Date : 20050401
Dossier : IMM-6356-04
Référence : 2005 CF 438
Ottawa (Ontario), le 1er avril 2005
Présent : Monsieur le juge Blais
ENTRE :
BORIS KROTOV
demandeur
et
LE MINISTRE DE LA CITOYENNETÉET DE L'IMMIGRATION
défendeur
MOTIFS DE L'ORDONNANCE ET ORDONNANCE
[1] Il s'agit d'une demande de contrôle judiciaire d'une décision rendue le 13 mai 2004 par une agente de l'Agence des services frontaliers du Canada (ASFC) refusant à M. Boris Krotov (demandeur) une dispense de l'obligation d'obtenir un visa de résident permanent à l'extérieur du Canada en raison de l'existence de motifs d'ordre humanitaire aux termes du paragraphe 25(1) de la Loi sur l'immigration et la protection des réfugiés, L.C. 2001, ch. 27 (Loi).
FAITS PERTINENTS
[2] Le demandeur est un citoyen Russe. Il allègue avoir une crainte bien fondée de persécution en raison de sa religion baptiste. Il se rend aux États-Unis, où il habite pendant 8 ans, avant d'être expulsé durant l'été de l'année 2000. Il est arrivé au Canada et a revendiqué le statut de réfugié, mais sa demande fut rejetée le 2 mai 2003.
[3] Le demandeur a donc déposé une demande de résidence permanente au Canada pour motifs humanitaires le 13 août 2003. Le 31 janvier 2004, il présenta aussi une demande d'évaluation des risques avant renvoi (ERAR).
[4] Le 13 mai 2004, après étude du dossier de M. Krotov, l'agente ASFC rejette la demande de séjour pour motifs d'ordre humanitaire. Elle rejette aussi la demande ERAR. Ces deux décisions furent communiquées au demandeur dans deux lettres distinctes envoyées le 5 juillet 2005.

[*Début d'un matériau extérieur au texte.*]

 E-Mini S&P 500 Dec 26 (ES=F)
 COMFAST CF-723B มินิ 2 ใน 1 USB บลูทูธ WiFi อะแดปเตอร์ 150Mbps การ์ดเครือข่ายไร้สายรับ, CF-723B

[5] Le demandeur conteste donc la décision prise par l'agente ASFC sur sa demande de résidence permanente pour motifs d'ordre humanitaire, sans contester la décision ERAR. Le demandeur n'attaque pas le bien-fondé ou le mérite de la décision de l'agente ASFC, mais la conteste uniquement sur la base qu'un agent ASFC qui a juridiction pour rendre une décision ERAR, n'a pas le pouvoir de rendre aussi une décision pour demande de résidence au Canada pour motifs d'ordre humanitaire.
QUESTION EN LITIGE
[6] L'agente ERAR, a-t-elle, en vertu de la Loi, compétence pour représenter le ministre de la Citoyenneté et de l'Immigration et ainsi donner suite à une demande de résidence permanente au Canada pour motifs humanitaires en vertu du paragraphe 25(1) de la Loi?
ANALYSE
[7] Ceci étant un contrôle judiciaire d'une question purement juridique, la norme de contrôle applicable est celle de la décision correcte (Pushpanathan c. Canada (Ministre de la Citoyenneté et de l'Immigration), [1998] 1 R.C.S. 982; Chieu c. Canada (Ministre de la Citoyenneté et de l'Immigration), [2002] 1 R.C.S. 84 ).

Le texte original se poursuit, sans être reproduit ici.